## Assigned task
Every line with the string "sale" should be copied from the data.

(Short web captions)

.....

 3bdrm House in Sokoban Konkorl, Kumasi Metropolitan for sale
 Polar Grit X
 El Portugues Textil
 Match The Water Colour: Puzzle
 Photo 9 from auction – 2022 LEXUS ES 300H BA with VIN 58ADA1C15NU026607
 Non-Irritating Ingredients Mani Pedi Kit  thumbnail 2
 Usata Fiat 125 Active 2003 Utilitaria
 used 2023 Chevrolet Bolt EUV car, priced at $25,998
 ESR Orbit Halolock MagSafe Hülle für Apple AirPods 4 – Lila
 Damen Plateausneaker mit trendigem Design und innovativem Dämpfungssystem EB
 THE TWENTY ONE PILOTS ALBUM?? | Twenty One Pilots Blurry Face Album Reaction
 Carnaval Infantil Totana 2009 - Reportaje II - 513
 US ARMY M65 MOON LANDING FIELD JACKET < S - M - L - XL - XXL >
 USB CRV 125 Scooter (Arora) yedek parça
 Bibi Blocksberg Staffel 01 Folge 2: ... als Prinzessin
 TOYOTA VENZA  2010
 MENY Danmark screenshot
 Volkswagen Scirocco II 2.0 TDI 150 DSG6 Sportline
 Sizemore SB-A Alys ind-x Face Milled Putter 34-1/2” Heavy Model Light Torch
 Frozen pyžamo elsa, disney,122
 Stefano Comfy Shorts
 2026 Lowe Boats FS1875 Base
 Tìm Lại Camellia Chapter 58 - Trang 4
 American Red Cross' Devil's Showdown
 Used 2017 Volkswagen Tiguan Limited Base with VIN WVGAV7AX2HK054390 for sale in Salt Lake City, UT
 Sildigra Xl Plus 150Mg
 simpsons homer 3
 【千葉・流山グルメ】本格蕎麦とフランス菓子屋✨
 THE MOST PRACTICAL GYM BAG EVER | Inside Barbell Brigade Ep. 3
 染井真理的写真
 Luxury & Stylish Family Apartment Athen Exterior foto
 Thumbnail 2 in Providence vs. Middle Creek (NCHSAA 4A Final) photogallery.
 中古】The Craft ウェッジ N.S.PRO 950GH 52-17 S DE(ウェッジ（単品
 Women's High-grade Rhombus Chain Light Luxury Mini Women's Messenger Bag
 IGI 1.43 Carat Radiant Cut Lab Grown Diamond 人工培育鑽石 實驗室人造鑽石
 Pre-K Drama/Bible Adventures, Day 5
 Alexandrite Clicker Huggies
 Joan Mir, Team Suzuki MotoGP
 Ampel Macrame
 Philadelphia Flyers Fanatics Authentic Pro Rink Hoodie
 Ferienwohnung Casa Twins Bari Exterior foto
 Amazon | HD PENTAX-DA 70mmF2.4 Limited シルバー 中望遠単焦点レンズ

.....

## Task solution
 3bdrm House in Sokoban Konkorl, Kumasi Metropolitan for sale
 Used 2017 Volkswagen Tiguan Limited Base with VIN WVGAV7AX2HK054390 for sale in Salt Lake City, UT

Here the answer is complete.